Chi sono i Jesus Lizard? Se stai leggendo queste righe, probabilmente la risposta già la conosci. Ma per chi si è imbattuto in questo nome per caso, basti dire che Steve Albini – produttore leggendario e custode del suono underground americano – li ha descritti come “la band più importante degli anni Novanta”. Una definizione forte, ma che trova piena conferma nella loro storia, nella loro attitudine, nel loro suono. Nati alla fine degli anni ’80, i Jesus Lizard prendono le distorsioni industriali dei Big Black e le trasformano in qualcosa di più istintivo, più corporeo.

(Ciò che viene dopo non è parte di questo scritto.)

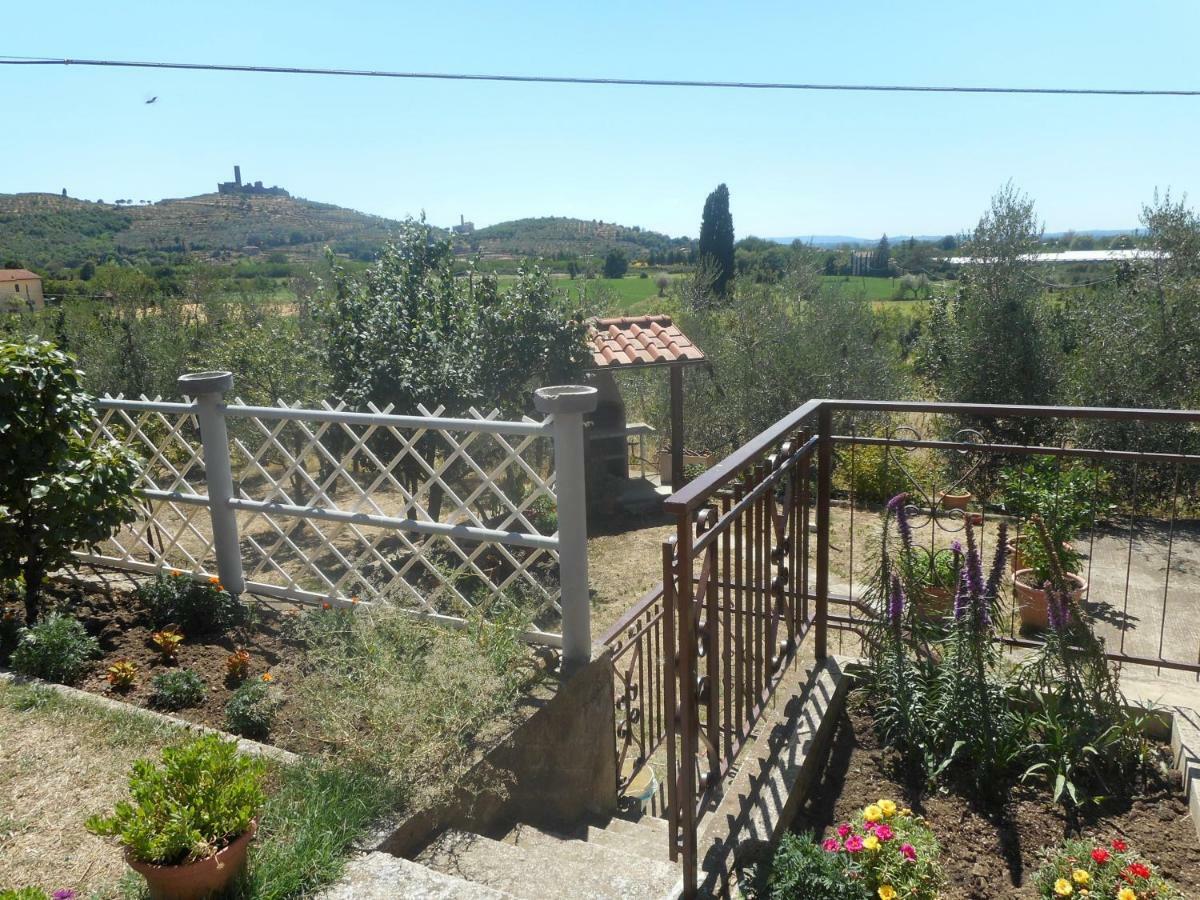 Apartamento Poggio Fiorito Castiglion Fiorentino Exterior foto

Mentre i Fugazi canalizzano l’eredità dell’hardcore in una forma politica e rigorosa, i Jesus Lizard scelgono la strada opposta: si abbandonano al caos, alla nevrosi, alla violenza emotiva. Il loro noise rock è crudo, fisico, disturbante – un martello ritmico che non lascia scampo. 

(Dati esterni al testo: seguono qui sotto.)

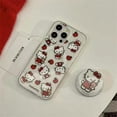 thumbnail image 3 of Sanrio funda de teléfono con soporte magnético para iPhone, carcasa dura de carga inalámbrica Magsafe para iPhone 16, 15, 14, 12, 11 Pro Max, 13 Mini, 3 of 5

Dopo anni di silenzio e qualche reunion occasionale, la band è tornata davvero. Il 13 settembre 2024 è uscito Rack, primo album in studio dopo 26 anni. Undici nuovi brani che non suonano come un omaggio a sé stessi, ma come un colpo allo stomaco: diretti, abrasivi, ancora capaci di far male. E ora, finalmente, sono tornati anche in Italia, con tre date tra cui quella di Bologna, inserita nella programmazione dell’Express Festival, organizzato dal Locomotiv Club ma stasera in trasferta al Link.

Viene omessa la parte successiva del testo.